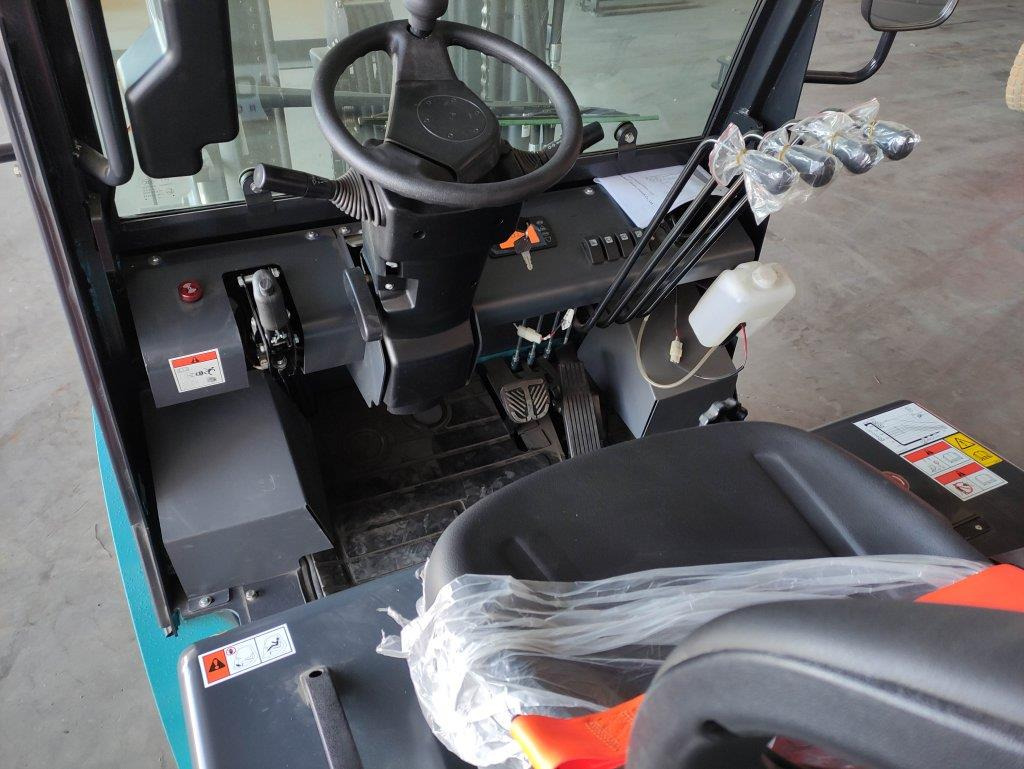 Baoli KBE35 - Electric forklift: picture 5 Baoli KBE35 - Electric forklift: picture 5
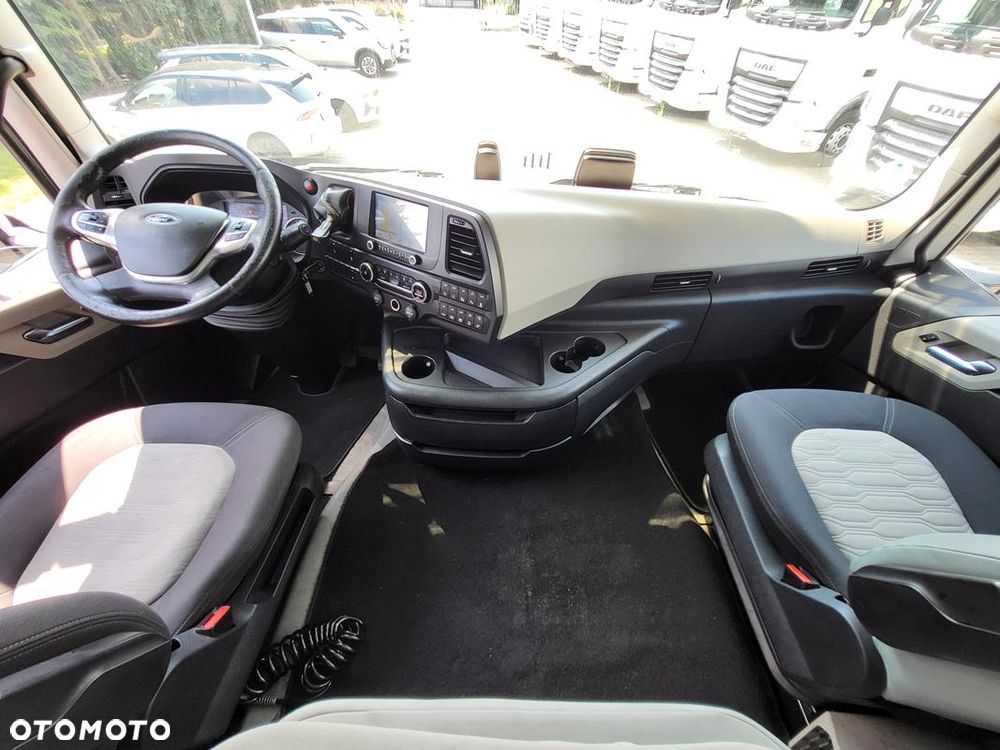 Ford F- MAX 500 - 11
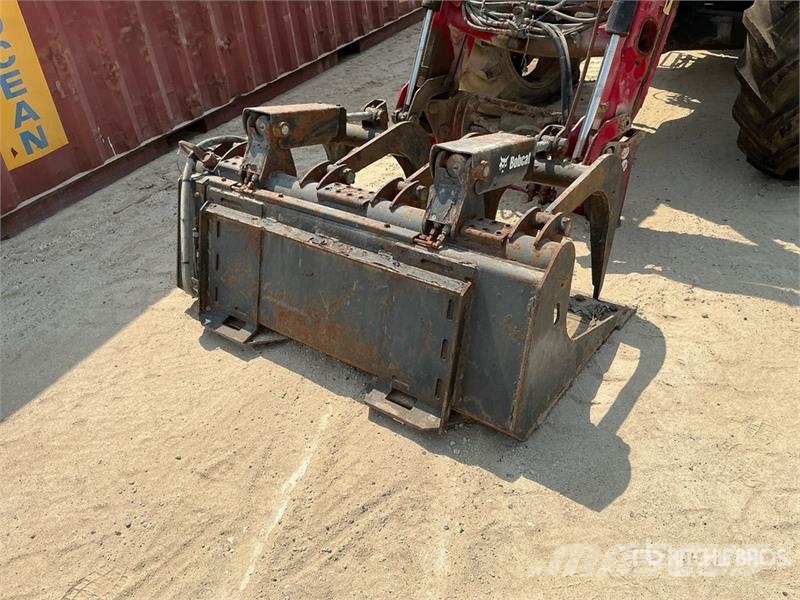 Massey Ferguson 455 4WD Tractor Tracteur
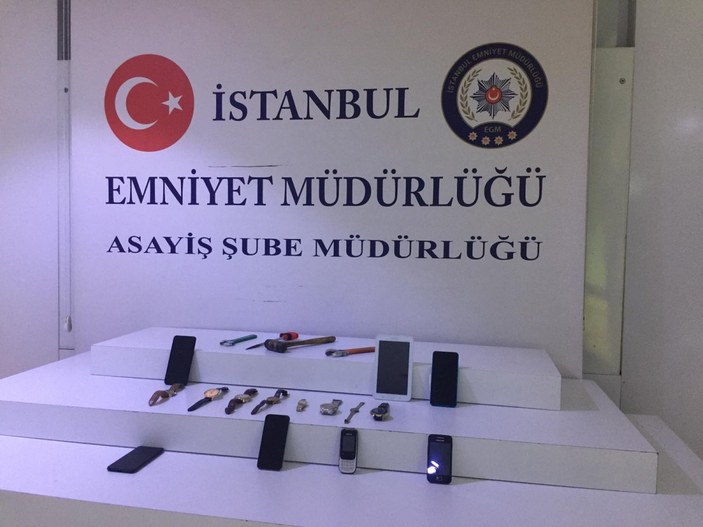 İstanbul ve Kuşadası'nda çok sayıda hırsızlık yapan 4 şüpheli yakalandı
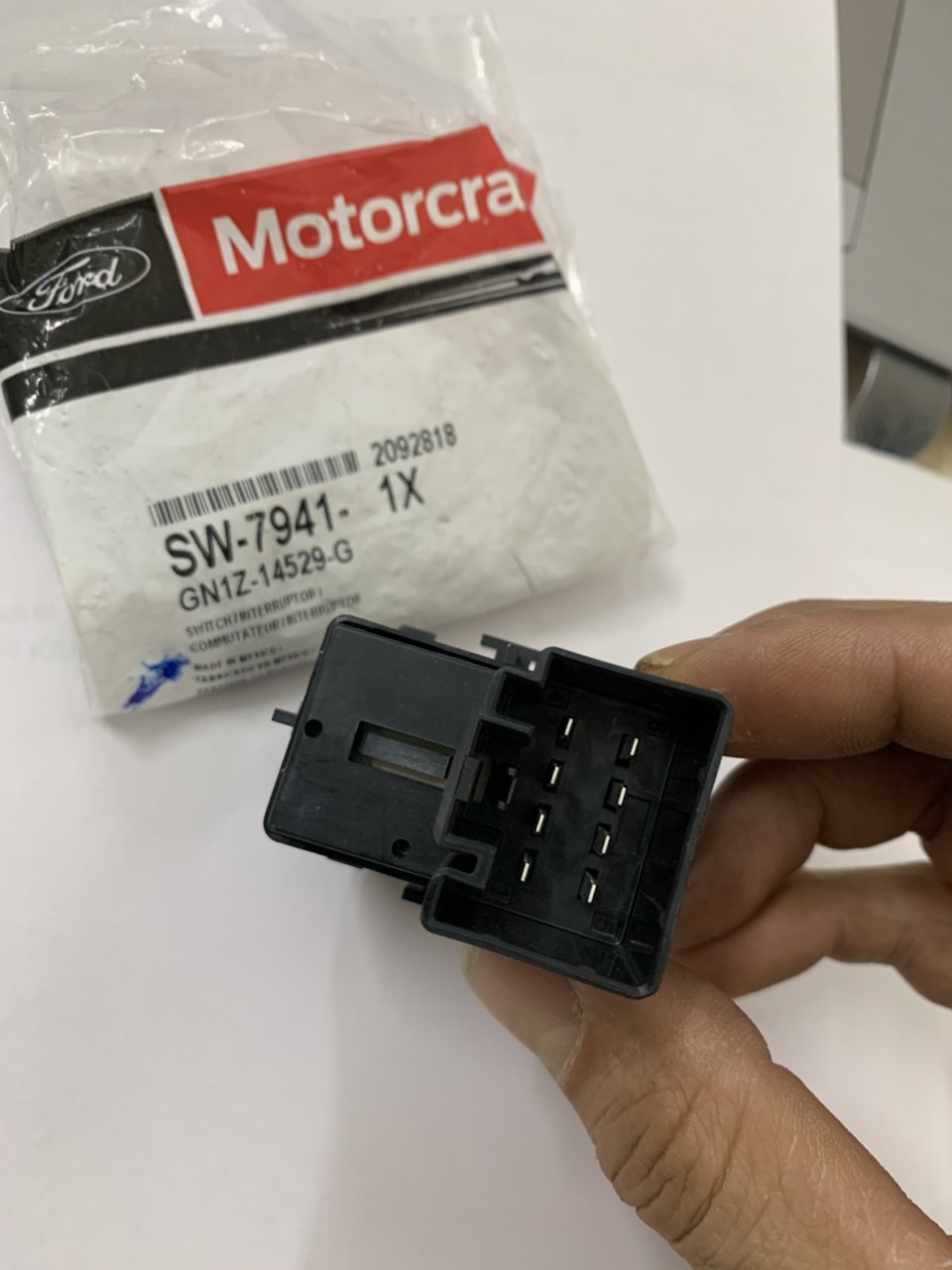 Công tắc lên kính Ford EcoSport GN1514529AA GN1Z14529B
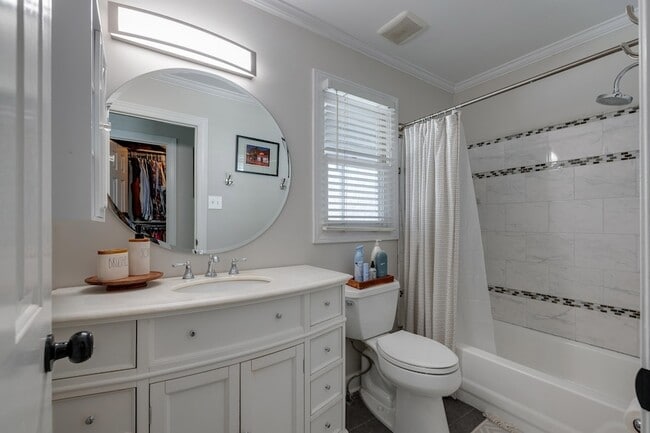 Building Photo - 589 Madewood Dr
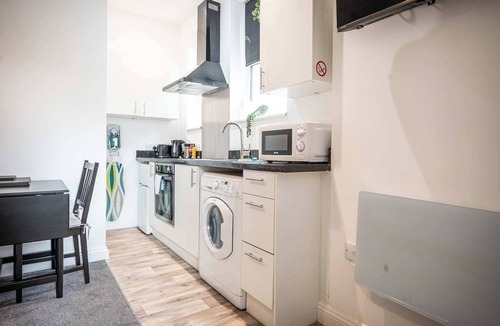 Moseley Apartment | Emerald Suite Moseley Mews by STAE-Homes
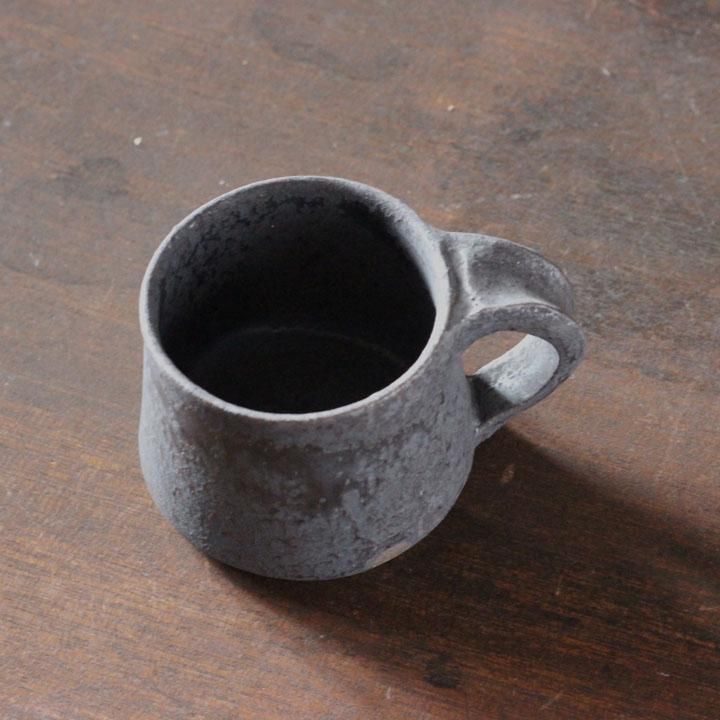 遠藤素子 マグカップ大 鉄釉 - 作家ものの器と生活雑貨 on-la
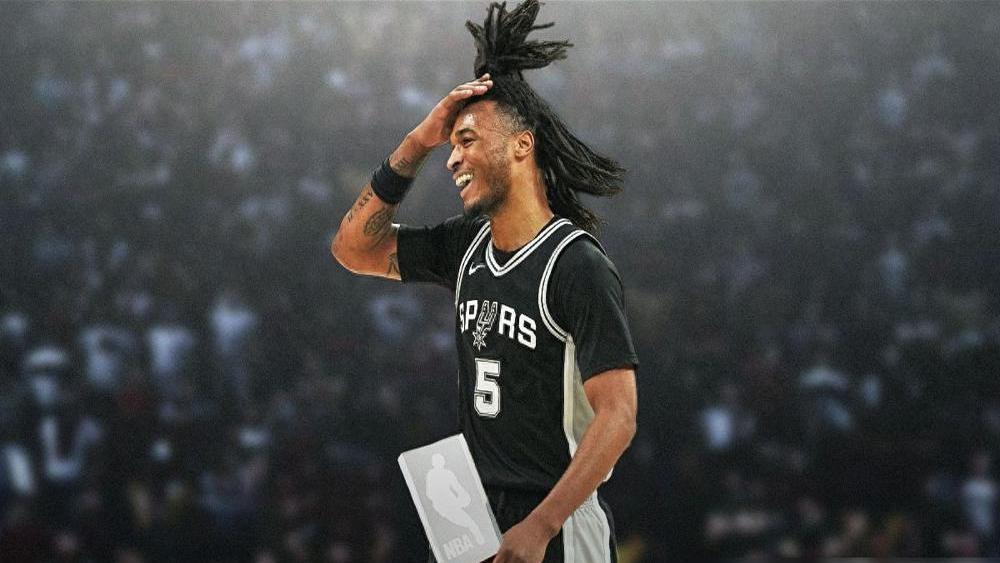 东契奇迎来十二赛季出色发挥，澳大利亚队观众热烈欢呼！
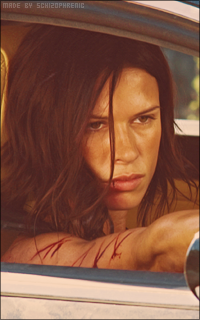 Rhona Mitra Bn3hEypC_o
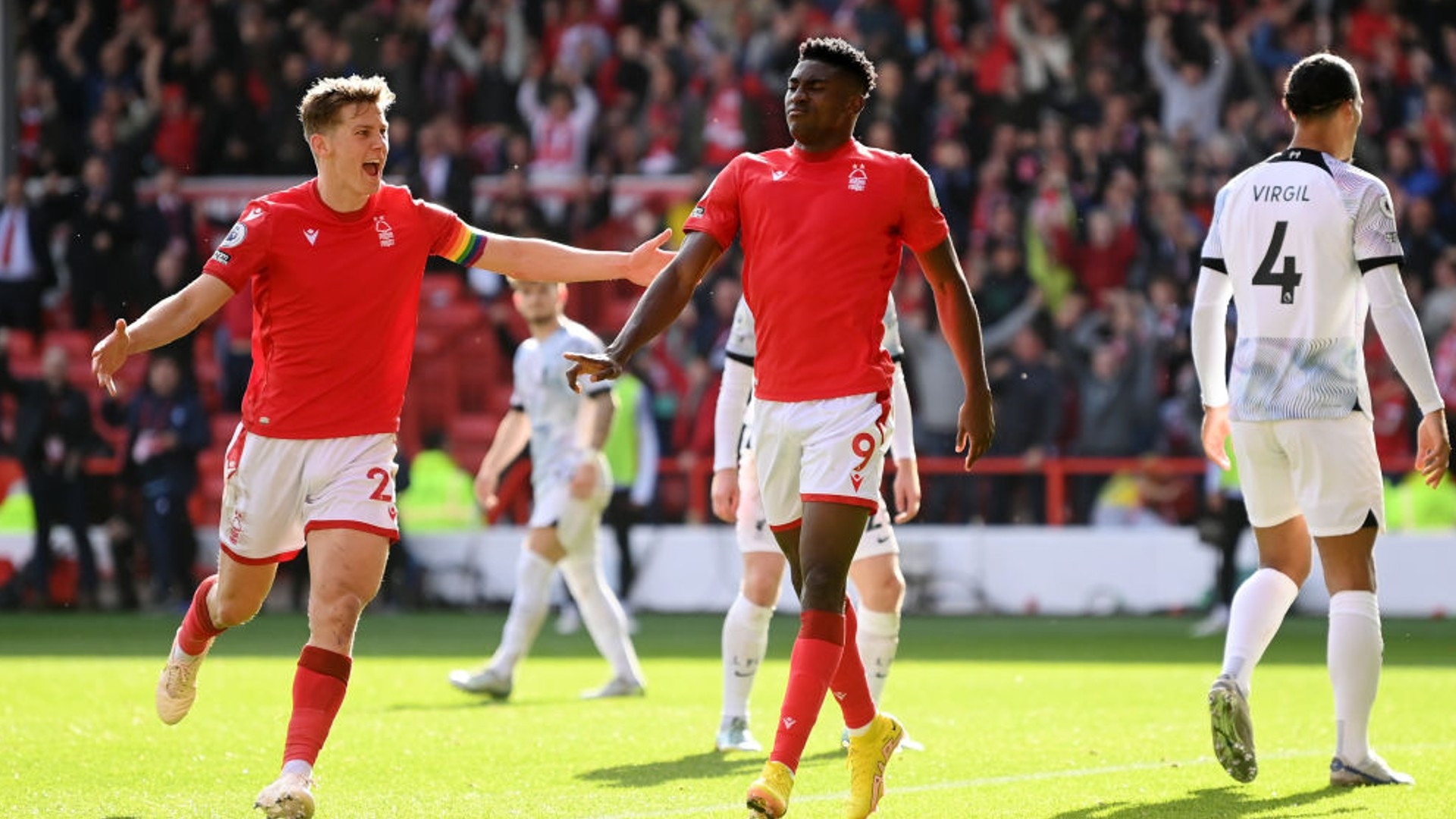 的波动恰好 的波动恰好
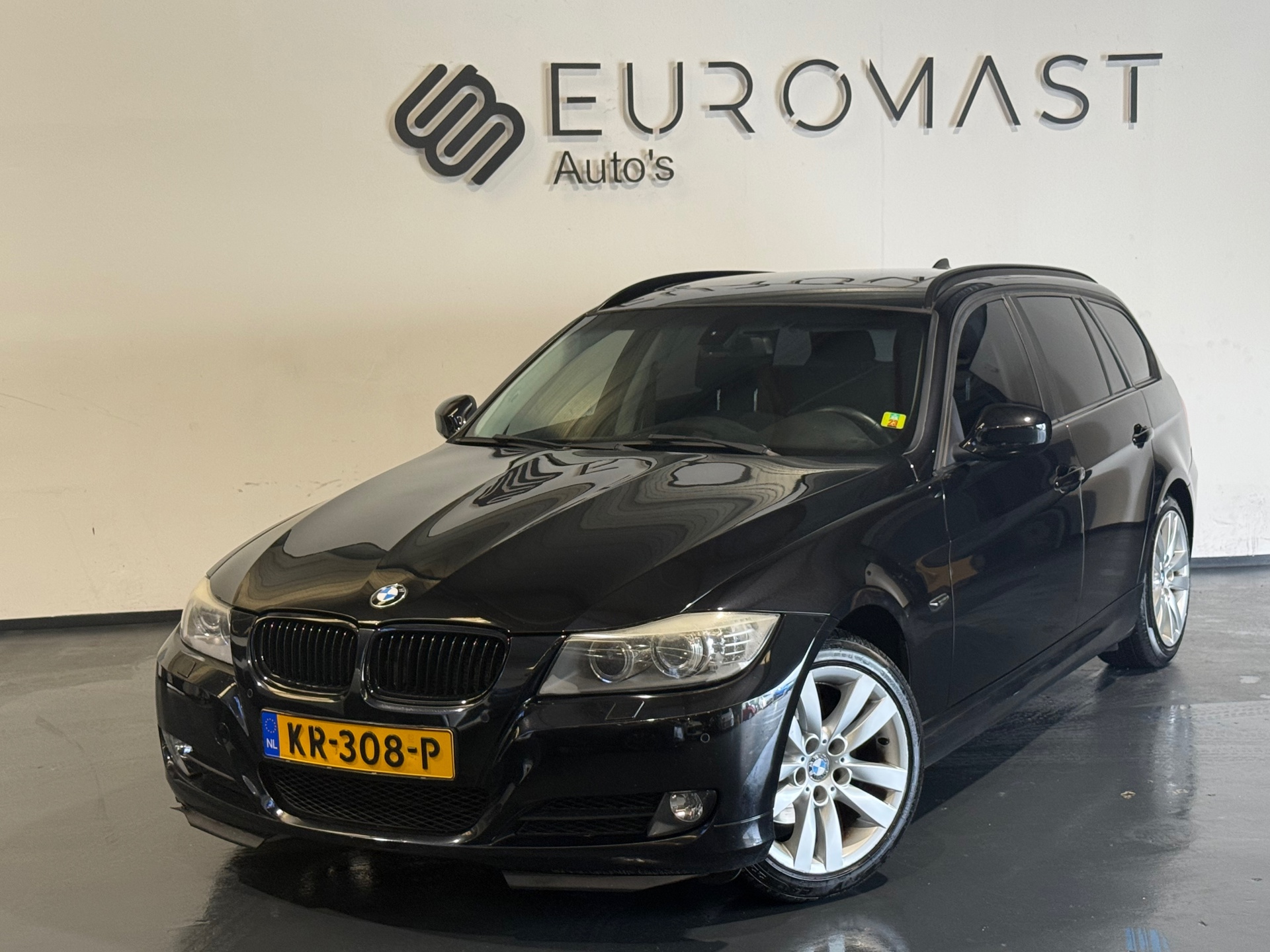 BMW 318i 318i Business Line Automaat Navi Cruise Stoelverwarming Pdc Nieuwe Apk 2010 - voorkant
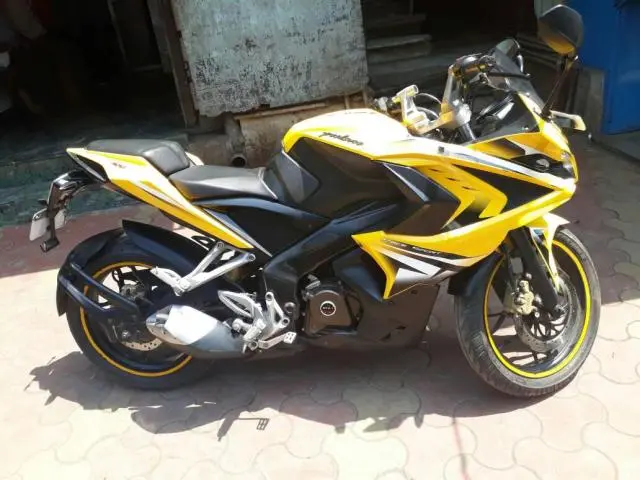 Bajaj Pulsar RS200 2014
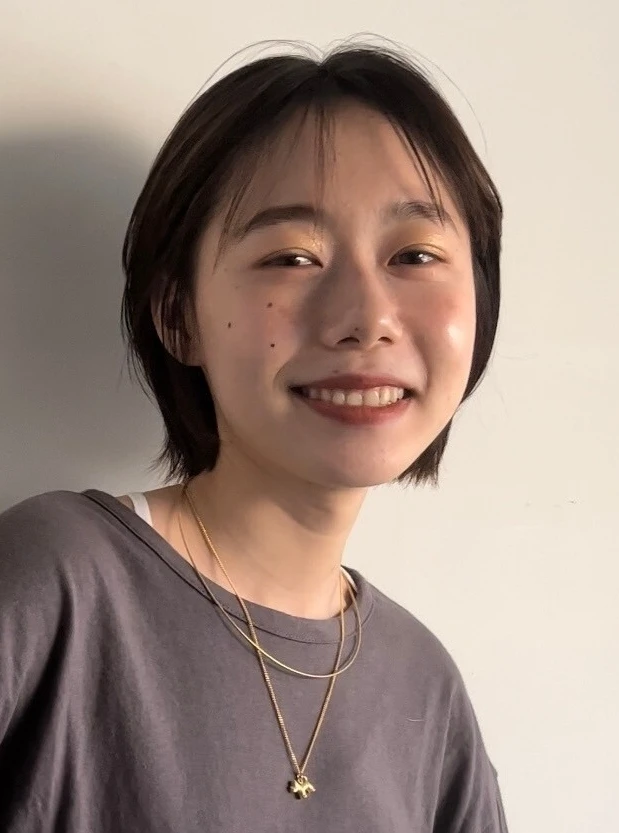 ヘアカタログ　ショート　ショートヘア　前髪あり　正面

PROMPT:
A word-for-word repeat is expected of the lines from the one with "BMW 318i 318i" to the end of the data, both included; pictures are not part of it.

EXERCISE RESULT:
 BMW 318i 318i Business Line Automaat Navi Cruise Stoelverwarming Pdc Nieuwe Apk 2010 - voorkant
 Bajaj Pulsar RS200 2014
 ヘアカタログ　ショート　ショートヘア　前髪あり　正面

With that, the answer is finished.